◆ **WORK TO COMPLETE**: Copy the data exactly from the line that contains "Vue aérienne de" through the line that contains "Copropriété à vendre", keeping both end lines and leaving out everything else.

◆ **RECORDS SUPPLIED**:
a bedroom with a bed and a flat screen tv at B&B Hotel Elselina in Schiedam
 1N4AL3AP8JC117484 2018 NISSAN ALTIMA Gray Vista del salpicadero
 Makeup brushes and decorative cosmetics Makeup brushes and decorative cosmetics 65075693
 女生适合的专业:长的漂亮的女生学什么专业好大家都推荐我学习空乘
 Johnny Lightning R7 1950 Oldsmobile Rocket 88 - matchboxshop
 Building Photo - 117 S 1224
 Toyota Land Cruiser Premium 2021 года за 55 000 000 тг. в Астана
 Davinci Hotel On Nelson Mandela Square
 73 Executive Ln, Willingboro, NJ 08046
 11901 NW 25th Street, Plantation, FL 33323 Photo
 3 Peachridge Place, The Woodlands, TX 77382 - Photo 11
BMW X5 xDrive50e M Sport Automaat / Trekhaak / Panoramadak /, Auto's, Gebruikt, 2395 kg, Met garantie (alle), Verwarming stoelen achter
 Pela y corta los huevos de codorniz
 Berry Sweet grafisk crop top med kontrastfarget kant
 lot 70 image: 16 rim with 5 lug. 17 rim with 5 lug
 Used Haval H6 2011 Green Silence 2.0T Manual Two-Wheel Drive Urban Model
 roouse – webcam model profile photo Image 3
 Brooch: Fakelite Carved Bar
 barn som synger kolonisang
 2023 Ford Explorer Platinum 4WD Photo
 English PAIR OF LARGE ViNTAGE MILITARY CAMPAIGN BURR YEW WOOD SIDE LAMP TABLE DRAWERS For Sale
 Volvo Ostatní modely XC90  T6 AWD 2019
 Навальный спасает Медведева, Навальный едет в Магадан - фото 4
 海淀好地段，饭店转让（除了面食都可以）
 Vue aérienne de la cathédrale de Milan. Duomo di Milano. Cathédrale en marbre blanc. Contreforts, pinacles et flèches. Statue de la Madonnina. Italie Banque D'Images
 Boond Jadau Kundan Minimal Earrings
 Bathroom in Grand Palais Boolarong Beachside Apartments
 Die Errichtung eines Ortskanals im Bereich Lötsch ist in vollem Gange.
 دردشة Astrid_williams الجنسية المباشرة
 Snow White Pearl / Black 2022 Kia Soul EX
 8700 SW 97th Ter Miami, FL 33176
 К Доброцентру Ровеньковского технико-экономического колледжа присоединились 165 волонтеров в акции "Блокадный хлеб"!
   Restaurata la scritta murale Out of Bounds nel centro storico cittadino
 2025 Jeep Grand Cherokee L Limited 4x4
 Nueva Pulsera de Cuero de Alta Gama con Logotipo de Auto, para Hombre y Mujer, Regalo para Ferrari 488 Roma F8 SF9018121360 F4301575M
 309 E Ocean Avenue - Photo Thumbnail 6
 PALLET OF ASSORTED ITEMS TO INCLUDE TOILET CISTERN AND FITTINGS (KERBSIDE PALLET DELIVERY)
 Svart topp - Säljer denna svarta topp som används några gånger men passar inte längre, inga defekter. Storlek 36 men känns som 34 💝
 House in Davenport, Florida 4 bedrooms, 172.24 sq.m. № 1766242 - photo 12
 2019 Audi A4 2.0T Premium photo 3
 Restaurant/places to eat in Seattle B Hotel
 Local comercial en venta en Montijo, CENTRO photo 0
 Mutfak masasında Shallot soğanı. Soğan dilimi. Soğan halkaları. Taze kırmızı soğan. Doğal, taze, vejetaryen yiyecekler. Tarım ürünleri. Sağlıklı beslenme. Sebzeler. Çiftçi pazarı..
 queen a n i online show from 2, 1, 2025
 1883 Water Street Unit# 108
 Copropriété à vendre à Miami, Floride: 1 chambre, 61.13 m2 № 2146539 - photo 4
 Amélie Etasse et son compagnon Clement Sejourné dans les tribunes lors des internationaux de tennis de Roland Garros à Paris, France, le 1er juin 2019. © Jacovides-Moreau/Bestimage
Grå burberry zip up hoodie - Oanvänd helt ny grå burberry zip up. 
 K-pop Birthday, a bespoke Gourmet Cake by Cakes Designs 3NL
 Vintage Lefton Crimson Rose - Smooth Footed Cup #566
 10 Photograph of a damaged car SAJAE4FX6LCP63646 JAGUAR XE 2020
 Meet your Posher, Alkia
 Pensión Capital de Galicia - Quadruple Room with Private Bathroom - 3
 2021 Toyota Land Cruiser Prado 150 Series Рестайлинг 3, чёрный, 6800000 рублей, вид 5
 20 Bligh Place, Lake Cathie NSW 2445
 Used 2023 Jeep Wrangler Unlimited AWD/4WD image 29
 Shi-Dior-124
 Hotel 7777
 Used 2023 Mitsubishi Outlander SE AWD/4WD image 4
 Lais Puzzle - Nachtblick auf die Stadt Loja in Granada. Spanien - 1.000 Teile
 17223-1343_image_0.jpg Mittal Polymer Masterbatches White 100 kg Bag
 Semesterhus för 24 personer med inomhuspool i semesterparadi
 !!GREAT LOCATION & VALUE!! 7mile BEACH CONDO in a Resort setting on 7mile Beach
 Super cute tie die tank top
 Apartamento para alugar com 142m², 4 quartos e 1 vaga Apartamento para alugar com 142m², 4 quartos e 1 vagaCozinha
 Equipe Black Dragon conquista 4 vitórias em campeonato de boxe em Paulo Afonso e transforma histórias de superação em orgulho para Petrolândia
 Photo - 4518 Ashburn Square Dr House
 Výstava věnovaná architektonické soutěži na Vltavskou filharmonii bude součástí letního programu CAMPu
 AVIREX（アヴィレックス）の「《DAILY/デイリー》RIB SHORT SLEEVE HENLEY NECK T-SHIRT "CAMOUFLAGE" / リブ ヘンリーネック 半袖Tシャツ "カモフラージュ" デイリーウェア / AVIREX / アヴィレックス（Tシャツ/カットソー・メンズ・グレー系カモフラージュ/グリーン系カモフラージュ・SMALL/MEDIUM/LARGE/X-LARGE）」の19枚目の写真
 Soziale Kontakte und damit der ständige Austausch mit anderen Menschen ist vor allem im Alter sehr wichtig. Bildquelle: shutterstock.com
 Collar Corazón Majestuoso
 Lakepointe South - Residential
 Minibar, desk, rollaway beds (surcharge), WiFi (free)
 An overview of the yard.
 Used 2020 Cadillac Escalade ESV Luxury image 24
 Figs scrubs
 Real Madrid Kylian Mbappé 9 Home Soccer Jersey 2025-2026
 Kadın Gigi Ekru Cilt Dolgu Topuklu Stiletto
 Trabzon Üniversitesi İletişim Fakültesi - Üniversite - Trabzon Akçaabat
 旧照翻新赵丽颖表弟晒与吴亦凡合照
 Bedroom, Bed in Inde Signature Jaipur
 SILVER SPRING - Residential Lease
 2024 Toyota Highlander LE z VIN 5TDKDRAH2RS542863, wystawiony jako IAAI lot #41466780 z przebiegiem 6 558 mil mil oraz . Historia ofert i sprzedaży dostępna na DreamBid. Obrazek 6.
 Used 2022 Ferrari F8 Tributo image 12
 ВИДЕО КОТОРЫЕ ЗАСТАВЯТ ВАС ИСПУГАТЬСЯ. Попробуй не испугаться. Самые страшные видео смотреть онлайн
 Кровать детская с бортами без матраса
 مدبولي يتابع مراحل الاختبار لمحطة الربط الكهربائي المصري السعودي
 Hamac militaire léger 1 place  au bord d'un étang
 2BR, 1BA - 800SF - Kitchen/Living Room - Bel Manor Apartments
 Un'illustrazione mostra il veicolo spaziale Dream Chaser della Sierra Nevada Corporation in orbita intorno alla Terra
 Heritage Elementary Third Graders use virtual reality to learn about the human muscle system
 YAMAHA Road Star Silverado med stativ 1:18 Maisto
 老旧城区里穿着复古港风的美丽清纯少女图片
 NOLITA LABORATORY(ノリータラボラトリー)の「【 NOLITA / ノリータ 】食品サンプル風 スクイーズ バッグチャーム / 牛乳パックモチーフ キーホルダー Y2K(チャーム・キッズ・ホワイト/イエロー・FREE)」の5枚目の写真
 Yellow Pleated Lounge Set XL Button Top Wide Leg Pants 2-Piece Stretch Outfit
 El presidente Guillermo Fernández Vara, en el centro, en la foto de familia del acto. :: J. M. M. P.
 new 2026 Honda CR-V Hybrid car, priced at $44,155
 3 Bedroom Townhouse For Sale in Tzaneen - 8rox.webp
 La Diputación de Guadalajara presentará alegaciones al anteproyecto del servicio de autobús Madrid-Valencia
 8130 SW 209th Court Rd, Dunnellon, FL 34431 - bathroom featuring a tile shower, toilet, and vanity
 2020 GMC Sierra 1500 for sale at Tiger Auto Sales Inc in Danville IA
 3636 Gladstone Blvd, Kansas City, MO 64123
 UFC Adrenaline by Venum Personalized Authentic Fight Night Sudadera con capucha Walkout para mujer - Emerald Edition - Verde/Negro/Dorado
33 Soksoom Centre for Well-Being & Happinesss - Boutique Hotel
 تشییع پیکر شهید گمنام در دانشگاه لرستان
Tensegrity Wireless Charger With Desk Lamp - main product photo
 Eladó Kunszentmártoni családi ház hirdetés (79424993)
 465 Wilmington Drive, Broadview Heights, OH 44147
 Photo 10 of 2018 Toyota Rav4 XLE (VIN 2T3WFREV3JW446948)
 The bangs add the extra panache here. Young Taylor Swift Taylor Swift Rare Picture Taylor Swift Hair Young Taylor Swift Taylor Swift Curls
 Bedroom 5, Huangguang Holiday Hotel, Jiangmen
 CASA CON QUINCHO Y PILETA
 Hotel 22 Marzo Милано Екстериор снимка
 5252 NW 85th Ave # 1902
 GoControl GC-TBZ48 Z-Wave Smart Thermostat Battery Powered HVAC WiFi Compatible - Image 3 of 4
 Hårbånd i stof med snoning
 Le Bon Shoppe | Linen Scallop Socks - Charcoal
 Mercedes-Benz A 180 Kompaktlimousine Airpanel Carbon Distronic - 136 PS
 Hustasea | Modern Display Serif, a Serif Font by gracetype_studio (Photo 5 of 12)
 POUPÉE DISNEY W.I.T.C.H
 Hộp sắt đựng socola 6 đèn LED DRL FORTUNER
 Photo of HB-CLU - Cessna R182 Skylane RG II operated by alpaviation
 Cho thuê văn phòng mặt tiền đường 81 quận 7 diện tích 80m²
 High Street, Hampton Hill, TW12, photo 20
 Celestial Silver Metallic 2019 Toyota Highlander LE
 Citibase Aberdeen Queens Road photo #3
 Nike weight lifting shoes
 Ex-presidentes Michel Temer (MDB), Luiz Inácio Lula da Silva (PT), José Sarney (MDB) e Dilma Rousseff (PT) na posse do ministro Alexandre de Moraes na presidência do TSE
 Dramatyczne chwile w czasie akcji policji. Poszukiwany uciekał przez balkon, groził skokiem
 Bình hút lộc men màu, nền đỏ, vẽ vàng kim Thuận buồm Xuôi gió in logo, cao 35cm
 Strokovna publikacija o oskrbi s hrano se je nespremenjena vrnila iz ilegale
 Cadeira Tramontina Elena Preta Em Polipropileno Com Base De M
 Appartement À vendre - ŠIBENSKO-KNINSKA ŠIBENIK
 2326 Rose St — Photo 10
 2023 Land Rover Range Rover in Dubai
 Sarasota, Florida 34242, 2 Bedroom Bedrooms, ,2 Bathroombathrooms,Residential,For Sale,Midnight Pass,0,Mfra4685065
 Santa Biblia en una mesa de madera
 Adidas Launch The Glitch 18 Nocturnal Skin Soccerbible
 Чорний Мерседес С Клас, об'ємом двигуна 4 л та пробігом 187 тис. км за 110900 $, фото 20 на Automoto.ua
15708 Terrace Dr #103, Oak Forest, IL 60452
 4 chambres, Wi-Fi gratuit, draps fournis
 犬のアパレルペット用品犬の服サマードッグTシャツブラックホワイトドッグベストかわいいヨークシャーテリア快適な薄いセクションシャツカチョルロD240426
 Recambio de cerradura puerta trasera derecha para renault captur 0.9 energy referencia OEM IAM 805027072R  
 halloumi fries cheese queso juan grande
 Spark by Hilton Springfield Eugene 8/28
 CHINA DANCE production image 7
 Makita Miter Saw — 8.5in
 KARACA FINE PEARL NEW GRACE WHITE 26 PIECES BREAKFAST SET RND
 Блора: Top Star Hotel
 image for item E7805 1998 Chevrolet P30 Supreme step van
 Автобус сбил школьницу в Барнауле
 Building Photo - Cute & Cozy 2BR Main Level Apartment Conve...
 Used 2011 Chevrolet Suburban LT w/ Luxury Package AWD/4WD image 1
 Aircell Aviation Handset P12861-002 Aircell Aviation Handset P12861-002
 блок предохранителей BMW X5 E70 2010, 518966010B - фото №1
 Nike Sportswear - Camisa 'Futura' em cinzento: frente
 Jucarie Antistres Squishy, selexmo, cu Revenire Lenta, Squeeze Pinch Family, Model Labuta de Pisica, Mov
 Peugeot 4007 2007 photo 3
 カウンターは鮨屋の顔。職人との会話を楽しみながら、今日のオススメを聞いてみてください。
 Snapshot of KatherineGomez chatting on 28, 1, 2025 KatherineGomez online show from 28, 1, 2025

◆ **SOLUTION**:
 Vue aérienne de la cathédrale de Milan. Duomo di Milano. Cathédrale en marbre blanc. Contreforts, pinacles et flèches. Statue de la Madonnina. Italie Banque D'Images
 Boond Jadau Kundan Minimal Earrings
 Bathroom in Grand Palais Boolarong Beachside Apartments
 Die Errichtung eines Ortskanals im Bereich Lötsch ist in vollem Gange.
 دردشة Astrid_williams الجنسية المباشرة
 Snow White Pearl / Black 2022 Kia Soul EX
 8700 SW 97th Ter Miami, FL 33176
 К Доброцентру Ровеньковского технико-экономического колледжа присоединились 165 волонтеров в акции "Блокадный хлеб"!
   Restaurata la scritta murale Out of Bounds nel centro storico cittadino
 2025 Jeep Grand Cherokee L Limited 4x4
 Nueva Pulsera de Cuero de Alta Gama con Logotipo de Auto, para Hombre y Mujer, Regalo para Ferrari 488 Roma F8 SF9018121360 F4301575M
 309 E Ocean Avenue - Photo Thumbnail 6
 PALLET OF ASSORTED ITEMS TO INCLUDE TOILET CISTERN AND FITTINGS (KERBSIDE PALLET DELIVERY)
 Svart topp - Säljer denna svarta topp som används några gånger men passar inte längre, inga defekter. Storlek 36 men känns som 34 💝
 House in Davenport, Florida 4 bedrooms, 172.24 sq.m. № 1766242 - photo 12
 2019 Audi A4 2.0T Premium photo 3
 Restaurant/places to eat in Seattle B Hotel
 Local comercial en venta en Montijo, CENTRO photo 0
 Mutfak masasında Shallot soğanı. Soğan dilimi. Soğan halkaları. Taze kırmızı soğan. Doğal, taze, vejetaryen yiyecekler. Tarım ürünleri. Sağlıklı beslenme. Sebzeler. Çiftçi pazarı..
 queen a n i online show from 2, 1, 2025
 1883 Water Street Unit# 108
 Copropriété à vendre à Miami, Floride: 1 chambre, 61.13 m2 № 2146539 - photo 4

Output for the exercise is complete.